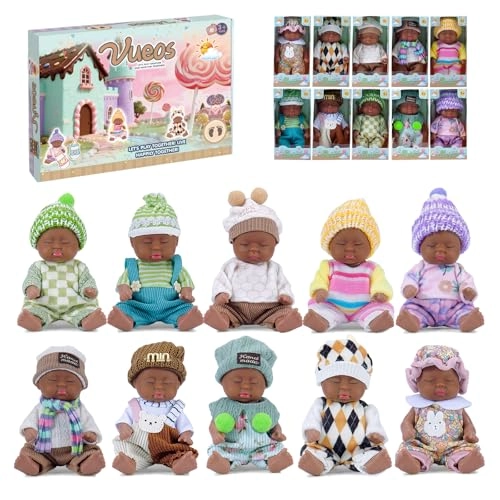 Vueos Reborn Baby Doll - 5 Inch 10 Pcs African American Ages 3+ Bundle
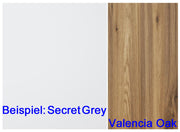 Vitrine LEWISVILLE Schrank 1 Tür Optik Secret Grey / Valencia Oak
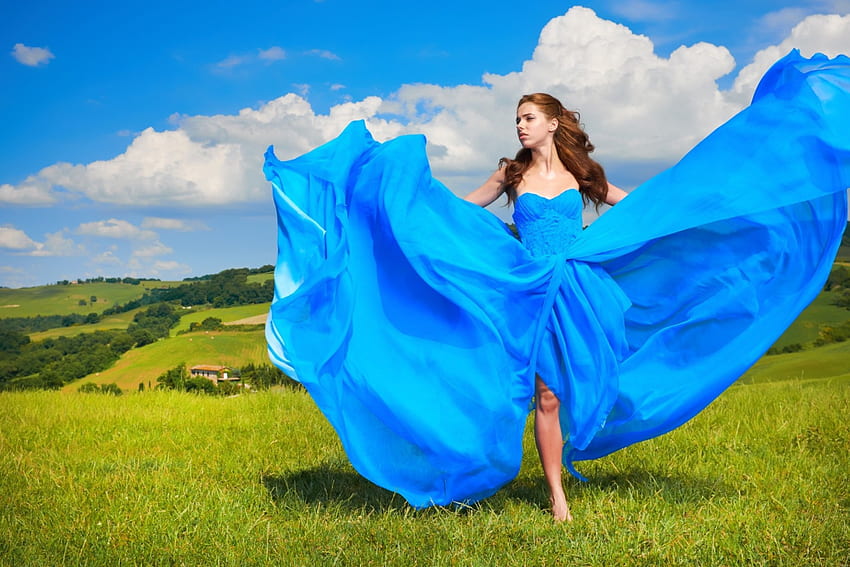 Green Hills, hills, grass, country, beauty, wind, homes, blue dress, clouds, women, sky HD wallpaper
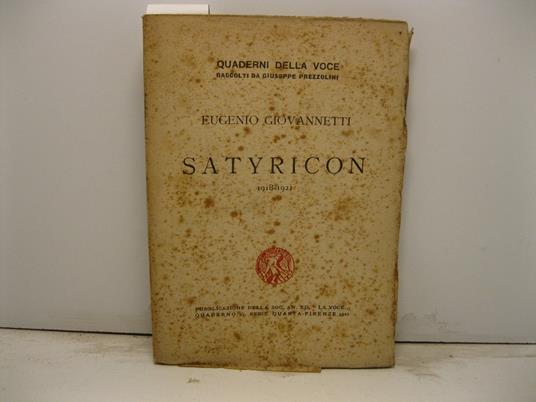 Satyricon (1918-1921) - Eugenio Giovannetti - copertina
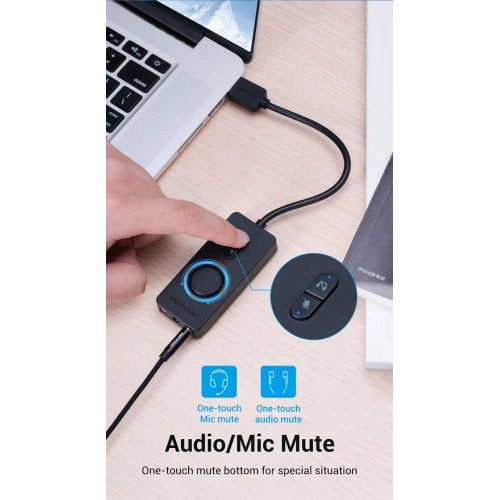 Звуковая карта Vention USB 2.0 External Sound Adapter with Volume Control 0.15m (CDRBB) Black купить в Украине | Telemart фото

------------------------------------

WHAT TO PRODUCE> Without the pictures, give all of the entries above again exactly.

TASK RESPONSE>
 Vueos Reborn Baby Doll - 5 Inch 10 Pcs African American Ages 3+ Bundle
 Vitrine LEWISVILLE Schrank 1 Tür Optik Secret Grey / Valencia Oak
 Green Hills, hills, grass, country, beauty, wind, homes, blue dress, clouds, women, sky HD wallpaper
 Satyricon (1918-1921) - Eugenio Giovannetti - copertina
 Звуковая карта Vention USB 2.0 External Sound Adapter with Volume Control 0.15m (CDRBB) Black купить в Украине | Telemart фото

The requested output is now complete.